17 Raiding parties set out from the camp of the Philistines in three groups. One group headed down the road toward Ophrah, toward the land of Shual. 18 Another group headed down the road to Beth Horon, and the third group headed toward the position on the border that looks down on the Valley of Zeboim, toward the wilderness.

19 At that time no blacksmith could be found throughout the whole land of Israel, because the Philistines said, “If we allow this, the Hebrews will make swords or spears for themselves.” 20 So all the Israelites had to go down to the Philistines to get their plowshares, mattocks, [9] axes, and sickles [10] sharpened. 21 The price was two thirds of a shekel [11] to sharpen plowshares and mattocks and one third of a shekel for pitchforks and axes and to repair ox goads.

22 The result was that when the day of battle came, no swords or spears were found in the hands of any of the people who were with Saul and Jonathan. Only Saul and his son Jonathan had them.

Jonathan’s Heroics

23 A garrison of the Philistines took up a position by the pass at Mikmash.

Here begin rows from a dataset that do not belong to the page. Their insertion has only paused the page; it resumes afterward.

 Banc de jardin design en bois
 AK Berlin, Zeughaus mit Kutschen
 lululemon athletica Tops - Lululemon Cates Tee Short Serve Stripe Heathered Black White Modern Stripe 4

  1. 1 Samuel 13:1 The Hebrew text of verse 1 contains no number for Saul’s age and reads two years for the length of his reign. The numbers thirty and forty– are provided by a few manuscripts of the Greek Old Testament and by Acts 13:21.
  2. 1 Samuel 13:2 Gibeah is the reading of the Hebrew text. The Greek Old Testament reads Geba. If the reading Gibeah is correct, Jonathan launched his attack from the more distant Gibeah rather than already being at a forward position near Geba as the Greek says.
  3. 1 Samuel 13:3 Or post or outpost. The meaning of this Hebrew term is uncertain.
  4. 1 Samuel 13:5 Three thousand is the reading of some of the ancient versions. The Hebrew text reads thirty thousand. Three thousand chariots is a suitable number for six thousand charioteers, with a driver and archer in each chariot.
  5. 1 Samuel 13:6 The meaning of the term translated thickets is uncertain.
  6. 1 Samuel 13:6 The meaning of the term translated dugouts is uncertain.
  7. 1 Samuel 13:15 The words in half-brackets are the reading of the Greek Old Testament. They are not in the Hebrew text. These words clarify strategic movements that would not be clear without them. An accidental omission of these words from the Hebrew text may have been caused by the copyist’s eye jumping from the first occurrence of Gilgal to the second.
  8. 1 Samuel 13:16 The majority of Hebrew texts read Geba. A few read Gibeah. Geba is the best position for blocking the Philistines at Mikmash.
  9. 1 Samuel 13:20 Or hoes
  10. 1 Samuel 13:20 The translation sickles follows the Greek Old Testament. The Hebrew repeats plowshares here.
  11. 1 Samuel 13:21 Hebrew a pim. Ancient weights marked pim are equal to two thirds of a shekel.